**GOAL OF THE EXERCISE**
In the data below, find the line with "Graduation Decorations Class" and the line with "Motivational good morning", then restate both and every line between them exactly, minus the pictures.

**EXERCISE DATA**
▼▼▼
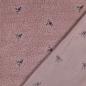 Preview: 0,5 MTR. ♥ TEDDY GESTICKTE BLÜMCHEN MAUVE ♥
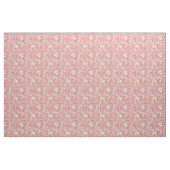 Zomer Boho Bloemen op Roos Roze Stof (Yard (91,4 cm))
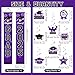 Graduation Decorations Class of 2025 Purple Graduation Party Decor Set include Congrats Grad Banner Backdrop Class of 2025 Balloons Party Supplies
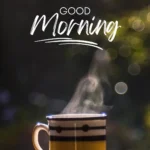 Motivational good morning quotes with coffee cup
▲▲▲
▼▼▼
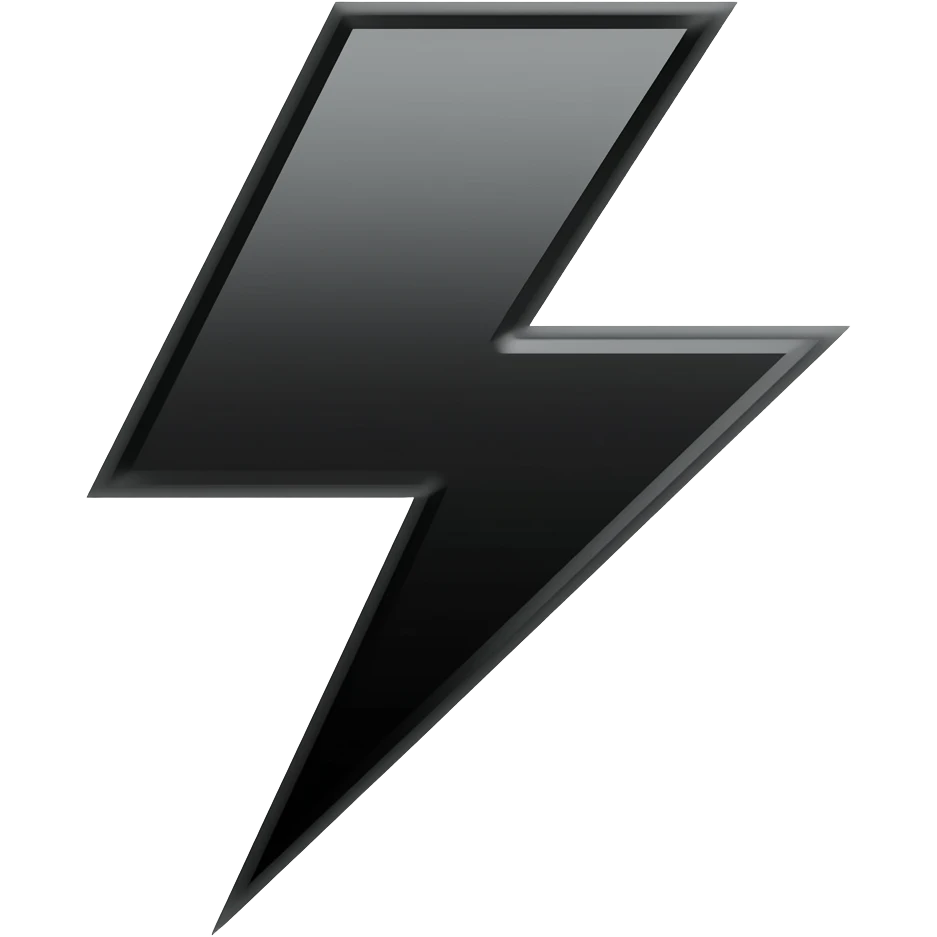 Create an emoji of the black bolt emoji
▲▲▲
▼▼▼
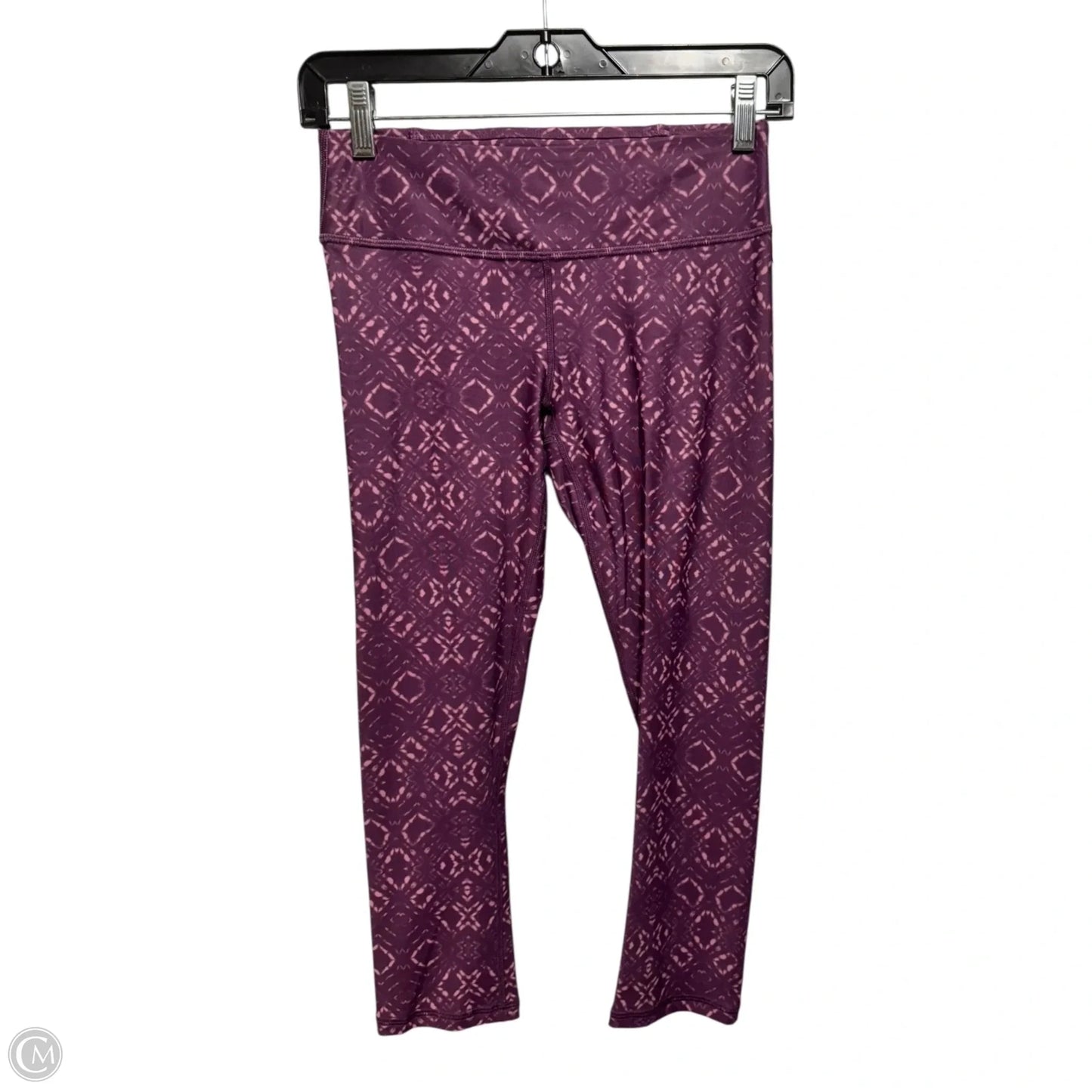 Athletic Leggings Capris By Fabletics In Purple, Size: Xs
▲▲▲
**SOLUTION TO THIS PROBLEM**
 Graduation Decorations Class of 2025 Purple Graduation Party Decor Set include Congrats Grad Banner Backdrop Class of 2025 Balloons Party Supplies
 Motivational good morning quotes with coffee cup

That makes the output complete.